My parents at this time lived in a four-room house constructed of logs. It had a dirt roof. Two of the rooms were occupied by my dad’s brother, John and wife Nell, with their four sons. My parents occupied the other two rooms.
Later they moved to another log home of three rooms and a “lean to,” about one mile or less from the first home, and close to the church. The church was also constructed of logs. For as long as I can remember, Dad was janitor, and it was his responsibility to keep the fires in the two wood-burning stoves going whenever needed. Every Saturday he would spend most of the afternoon chopping wood in lengths to accommodate the two stoves. The wood was provided by the male population of the community, who every fall would take team and wagons into the nearby hills and bring loads of cedar wood to be stacked in the rear of the church. Enough would be hauled from these hills to insure a supply for the winter.
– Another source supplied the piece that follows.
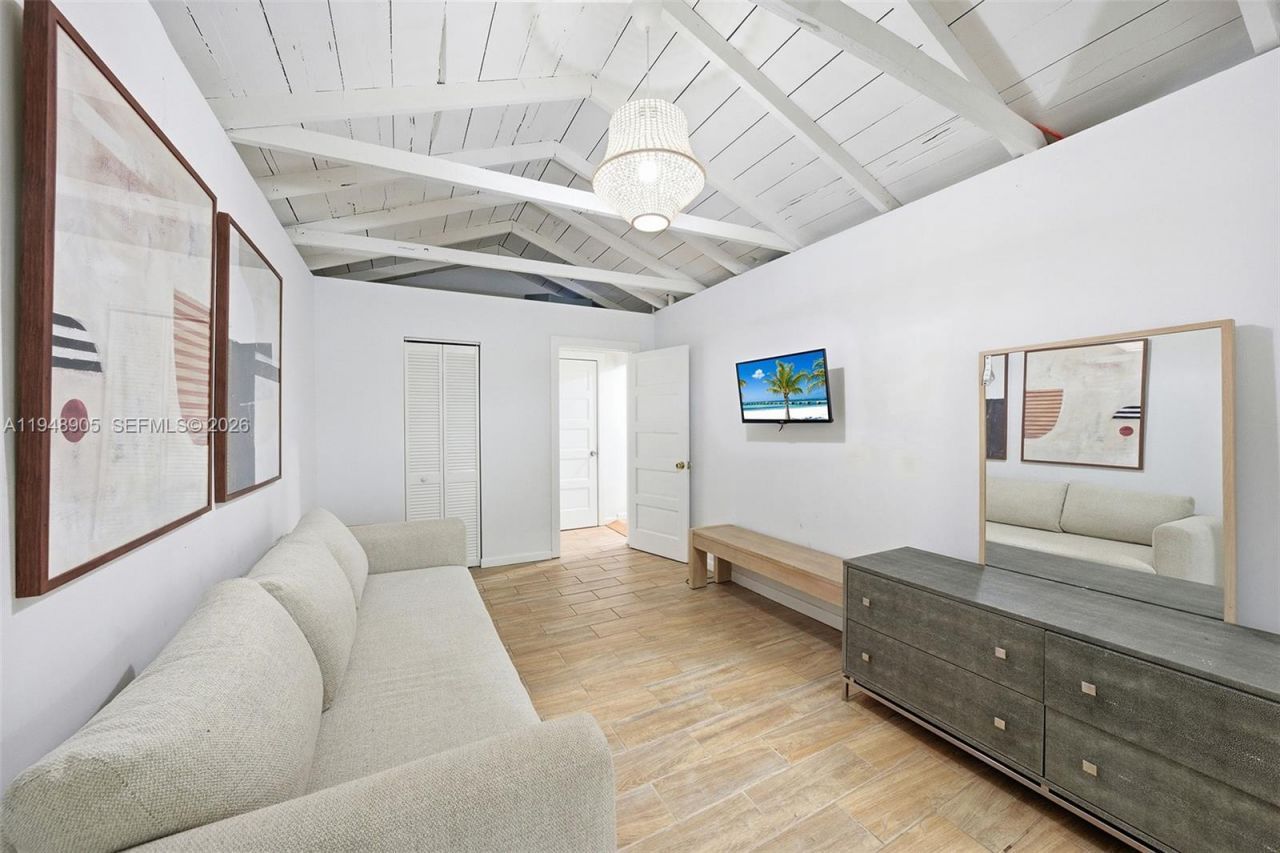 71 NE 46th St, Miami, FL 33137 Photo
We always looked forward to the celebrations and holidays. The small ward utilized the talents of the members for community entertainment. Three-act plays were common, especially during the winter time.
Thanksgiving and Christmas dinners at Grandpa and Grandma’s house, with uncles, aunts and cousins were traditional. Masquerade balls were also popular. These would involve the adult population in the evening while “character” dances in the afternoon would be great fun for the children.
A new church, constructed of native sandstone, was completed in 1912. It boasted indoor plumbing, a definite improvement over the “outside” inconvenience. Modern plumbing was also added to the four-room schoolhouse, which too, had been built of sandstone some years earlier.
Two horse drawn vans (we called them “bandwagons”) transported the children to school depending on the distance. One van picked up the children on the north end of the “Creek” and a second van picked up the children on the south end. Dad and his brothers, John, William and Edgar, together with Grandpa Betteridge, at this time, owned and operated a general merchandisestore, W.C. Betteridge & Sons. Very often it was the center of activity. It was the place where world problems were settled and items of gossip were traded.
Prior to this, Dad, his father and three brothers owned a ranch. It was called the Pilot Peak Ranch, and took its name from the nearby mountain and land mark “Pilot Peak,” in eastern Nevada, not far from Wendover.
My playmates during the first through fourth grades were my cousins, and other relatives. It seemed we were all one big family.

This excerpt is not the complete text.